EXERCISE REQUIREMENTS :: Please repeat exactly the lines below from the line with "Under Cabinet Power" to the line with "Round flush mount rocker switch w/ green LED", including both, and leave out every picture.

SOURCE MATERIAL ::
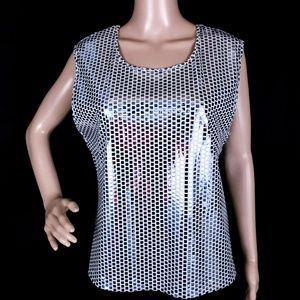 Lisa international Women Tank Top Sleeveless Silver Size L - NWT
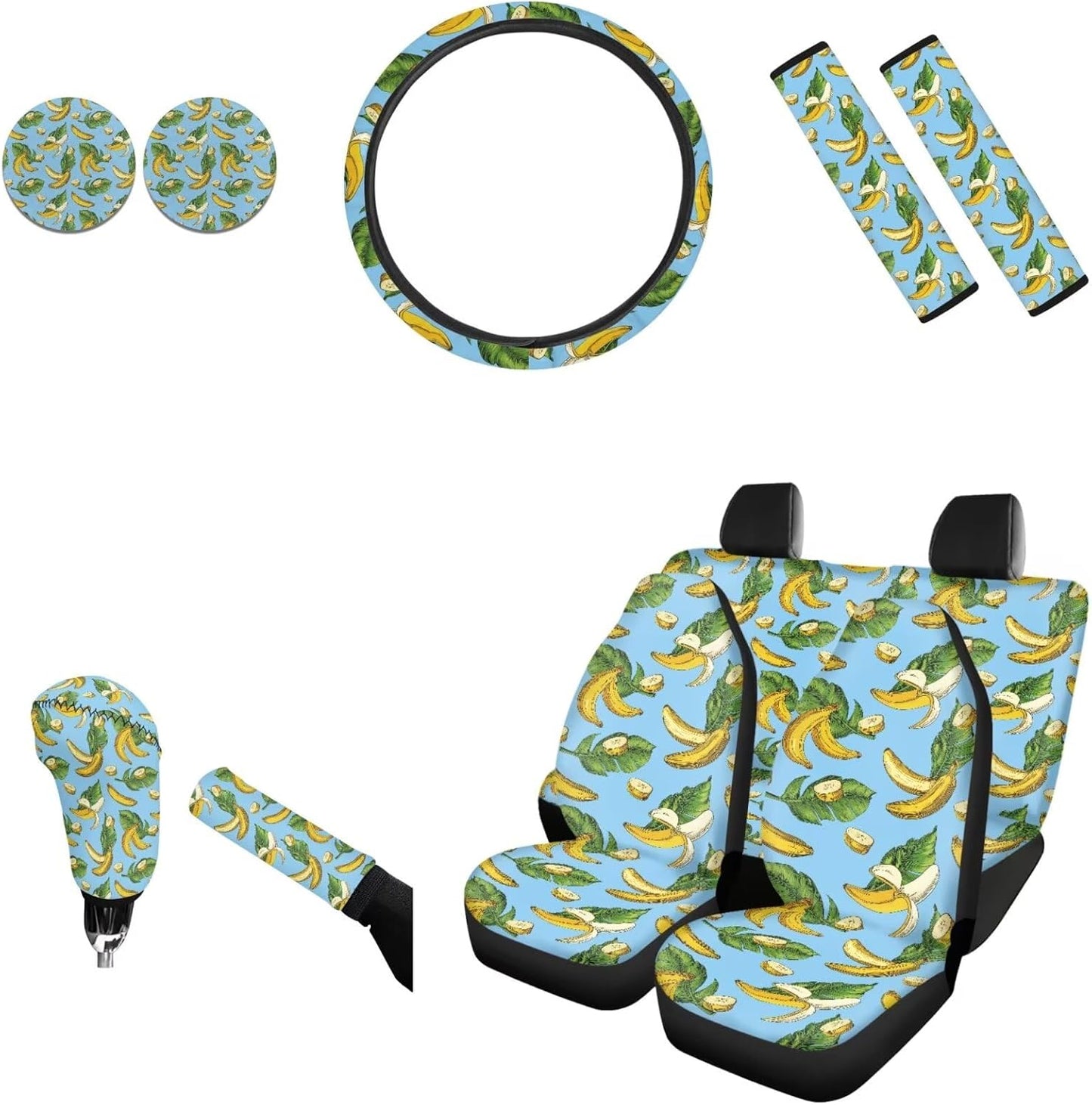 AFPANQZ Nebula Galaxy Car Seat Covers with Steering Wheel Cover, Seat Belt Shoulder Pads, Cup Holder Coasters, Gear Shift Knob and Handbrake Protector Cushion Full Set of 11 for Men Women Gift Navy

--

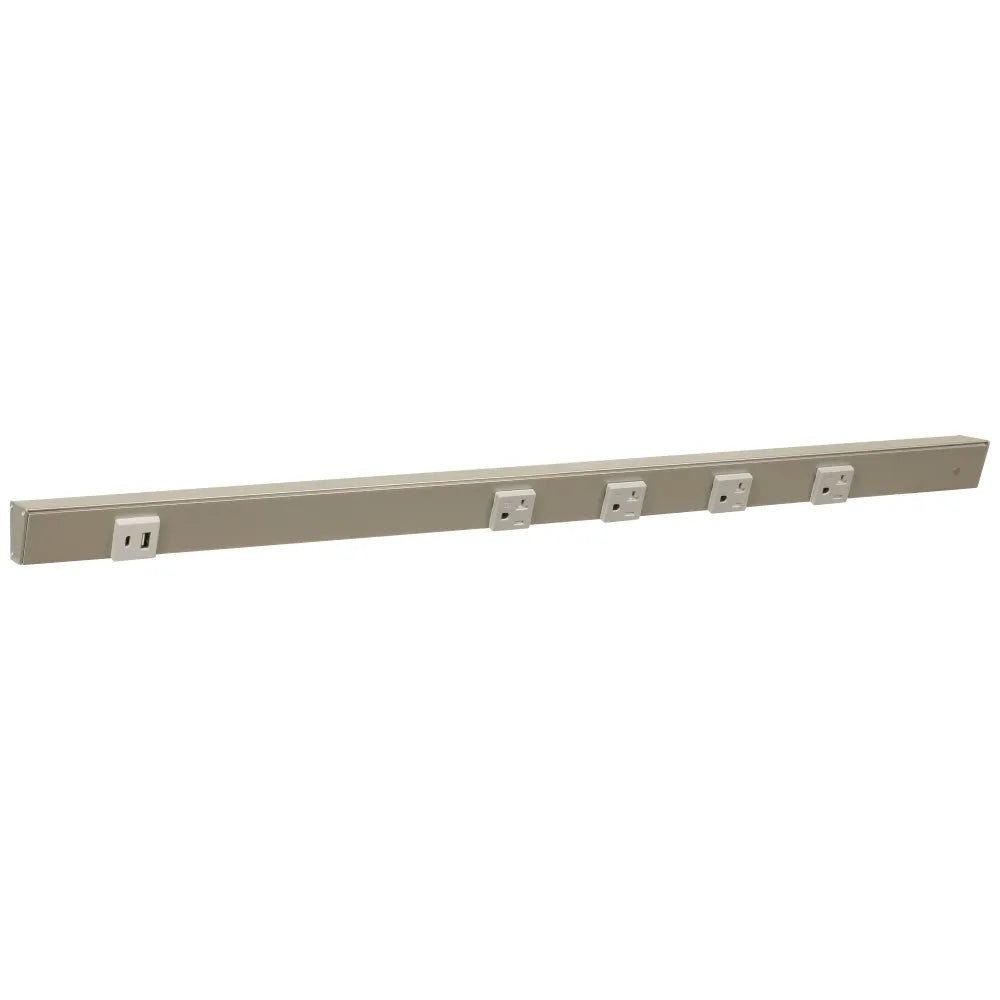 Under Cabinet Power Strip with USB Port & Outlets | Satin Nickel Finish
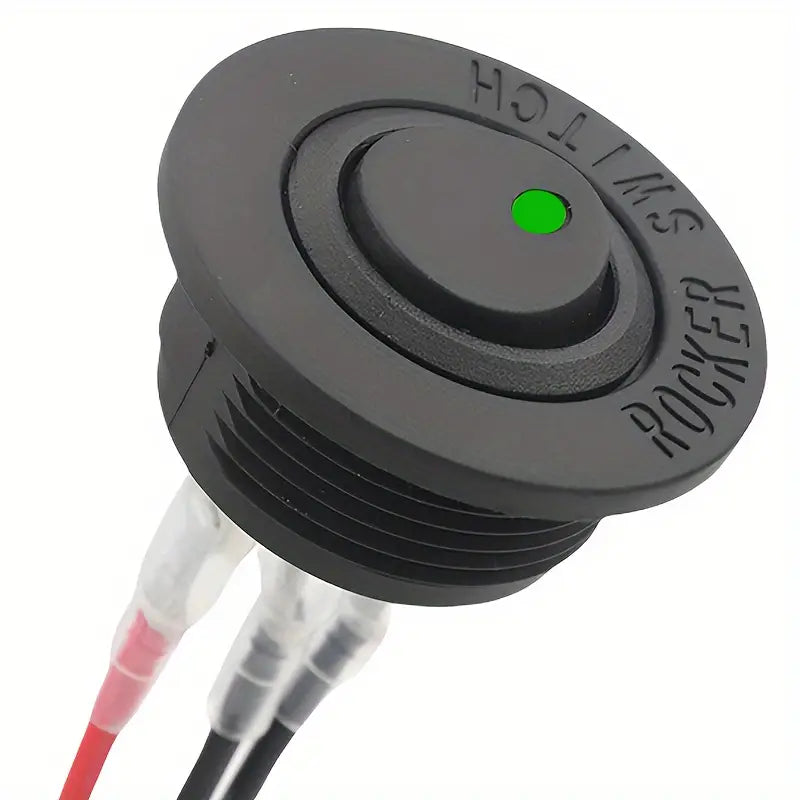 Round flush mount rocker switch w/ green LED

REPLY TO THE EXERCISE ::
 Under Cabinet Power Strip with USB Port & Outlets | Satin Nickel Finish
 Round flush mount rocker switch w/ green LED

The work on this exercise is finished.